- _WHAT YOU SHOULD DO_: In the material below, find the line with "Дом 19,3 м на участке 2 сот. - Фото 1" and the line with "350mAh Battery for SYMA X21, X21S, X21W", then output those two lines and every line between them, exactly.

- _PROVIDED ENTRIES_:
= Beginning of Section =

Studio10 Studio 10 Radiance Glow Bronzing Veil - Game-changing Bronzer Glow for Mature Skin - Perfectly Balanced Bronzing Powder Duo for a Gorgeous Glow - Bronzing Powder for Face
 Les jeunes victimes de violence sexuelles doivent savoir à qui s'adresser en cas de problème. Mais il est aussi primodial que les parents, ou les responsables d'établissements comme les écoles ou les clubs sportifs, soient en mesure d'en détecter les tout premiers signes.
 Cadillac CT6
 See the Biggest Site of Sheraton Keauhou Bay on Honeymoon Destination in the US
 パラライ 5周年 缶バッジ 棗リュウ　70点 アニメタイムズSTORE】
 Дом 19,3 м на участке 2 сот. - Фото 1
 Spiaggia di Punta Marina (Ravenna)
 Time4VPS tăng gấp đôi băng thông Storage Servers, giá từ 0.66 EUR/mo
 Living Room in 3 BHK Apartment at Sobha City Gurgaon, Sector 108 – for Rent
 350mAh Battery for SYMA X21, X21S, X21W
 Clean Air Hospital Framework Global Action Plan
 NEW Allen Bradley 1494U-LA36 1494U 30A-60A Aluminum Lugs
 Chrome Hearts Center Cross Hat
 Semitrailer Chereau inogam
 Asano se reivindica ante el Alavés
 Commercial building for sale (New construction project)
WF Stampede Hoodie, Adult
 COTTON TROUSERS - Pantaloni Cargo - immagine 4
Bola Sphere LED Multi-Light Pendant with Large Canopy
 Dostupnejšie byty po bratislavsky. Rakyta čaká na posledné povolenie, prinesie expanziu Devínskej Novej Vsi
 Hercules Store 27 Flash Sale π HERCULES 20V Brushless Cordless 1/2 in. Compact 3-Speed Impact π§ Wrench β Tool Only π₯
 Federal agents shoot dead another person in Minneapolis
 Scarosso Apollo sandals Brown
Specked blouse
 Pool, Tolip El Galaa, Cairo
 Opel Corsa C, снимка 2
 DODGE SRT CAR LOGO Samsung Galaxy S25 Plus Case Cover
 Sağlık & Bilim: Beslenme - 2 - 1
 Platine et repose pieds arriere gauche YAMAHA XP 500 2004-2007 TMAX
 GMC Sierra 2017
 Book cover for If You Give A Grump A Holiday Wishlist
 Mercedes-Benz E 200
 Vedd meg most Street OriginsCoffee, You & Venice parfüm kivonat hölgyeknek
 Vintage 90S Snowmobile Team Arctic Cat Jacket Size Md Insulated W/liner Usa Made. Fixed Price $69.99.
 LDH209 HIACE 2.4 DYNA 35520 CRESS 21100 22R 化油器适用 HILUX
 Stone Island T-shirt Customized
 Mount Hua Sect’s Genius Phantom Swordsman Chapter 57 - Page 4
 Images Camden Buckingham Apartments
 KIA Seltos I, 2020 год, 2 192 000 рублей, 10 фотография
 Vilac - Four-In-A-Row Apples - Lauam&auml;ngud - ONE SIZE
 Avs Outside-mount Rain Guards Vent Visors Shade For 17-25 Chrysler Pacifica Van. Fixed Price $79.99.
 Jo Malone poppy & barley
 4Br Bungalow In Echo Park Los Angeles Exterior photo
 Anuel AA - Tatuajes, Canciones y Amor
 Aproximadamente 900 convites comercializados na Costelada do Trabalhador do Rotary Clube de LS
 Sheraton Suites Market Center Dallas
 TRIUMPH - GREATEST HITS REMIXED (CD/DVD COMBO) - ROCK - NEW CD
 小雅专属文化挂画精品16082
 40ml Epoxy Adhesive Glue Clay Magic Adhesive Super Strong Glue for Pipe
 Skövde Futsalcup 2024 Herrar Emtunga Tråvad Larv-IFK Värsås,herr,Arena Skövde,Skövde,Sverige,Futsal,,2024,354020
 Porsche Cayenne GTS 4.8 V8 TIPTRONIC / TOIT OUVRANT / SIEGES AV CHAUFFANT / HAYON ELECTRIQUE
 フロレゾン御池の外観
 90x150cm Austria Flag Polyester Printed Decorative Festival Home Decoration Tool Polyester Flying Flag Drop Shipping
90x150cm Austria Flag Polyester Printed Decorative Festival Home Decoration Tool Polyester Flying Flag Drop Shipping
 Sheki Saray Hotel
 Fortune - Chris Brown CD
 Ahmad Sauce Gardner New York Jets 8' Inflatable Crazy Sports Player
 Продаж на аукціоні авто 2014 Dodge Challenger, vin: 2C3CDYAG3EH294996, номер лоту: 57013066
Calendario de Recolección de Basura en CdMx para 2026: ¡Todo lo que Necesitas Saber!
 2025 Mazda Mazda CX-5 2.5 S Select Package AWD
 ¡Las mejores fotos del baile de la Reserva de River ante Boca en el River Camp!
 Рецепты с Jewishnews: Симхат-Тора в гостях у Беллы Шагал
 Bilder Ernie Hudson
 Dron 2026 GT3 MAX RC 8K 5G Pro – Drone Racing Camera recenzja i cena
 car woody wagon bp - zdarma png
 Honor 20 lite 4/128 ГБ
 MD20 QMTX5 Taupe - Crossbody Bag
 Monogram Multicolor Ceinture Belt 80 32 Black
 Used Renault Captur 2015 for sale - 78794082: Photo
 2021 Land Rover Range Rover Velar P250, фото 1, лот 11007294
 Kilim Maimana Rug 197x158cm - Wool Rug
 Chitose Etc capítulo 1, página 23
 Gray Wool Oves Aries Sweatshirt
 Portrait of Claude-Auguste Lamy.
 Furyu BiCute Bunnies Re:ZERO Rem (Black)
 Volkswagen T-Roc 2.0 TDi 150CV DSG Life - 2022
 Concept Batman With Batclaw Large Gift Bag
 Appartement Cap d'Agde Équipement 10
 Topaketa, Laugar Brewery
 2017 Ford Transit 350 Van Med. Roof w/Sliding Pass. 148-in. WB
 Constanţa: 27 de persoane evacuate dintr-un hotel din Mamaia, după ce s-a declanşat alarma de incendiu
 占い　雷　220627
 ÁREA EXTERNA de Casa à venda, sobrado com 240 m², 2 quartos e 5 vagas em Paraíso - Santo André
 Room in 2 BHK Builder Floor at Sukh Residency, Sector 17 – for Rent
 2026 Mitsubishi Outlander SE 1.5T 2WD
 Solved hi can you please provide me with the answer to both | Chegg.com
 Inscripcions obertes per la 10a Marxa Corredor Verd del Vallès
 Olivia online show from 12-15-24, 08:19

= End of Section =

- _RESULT OF THE TASK_:
 Дом 19,3 м на участке 2 сот. - Фото 1
 Spiaggia di Punta Marina (Ravenna)
 Time4VPS tăng gấp đôi băng thông Storage Servers, giá từ 0.66 EUR/mo
 Living Room in 3 BHK Apartment at Sobha City Gurgaon, Sector 108 – for Rent
 350mAh Battery for SYMA X21, X21S, X21W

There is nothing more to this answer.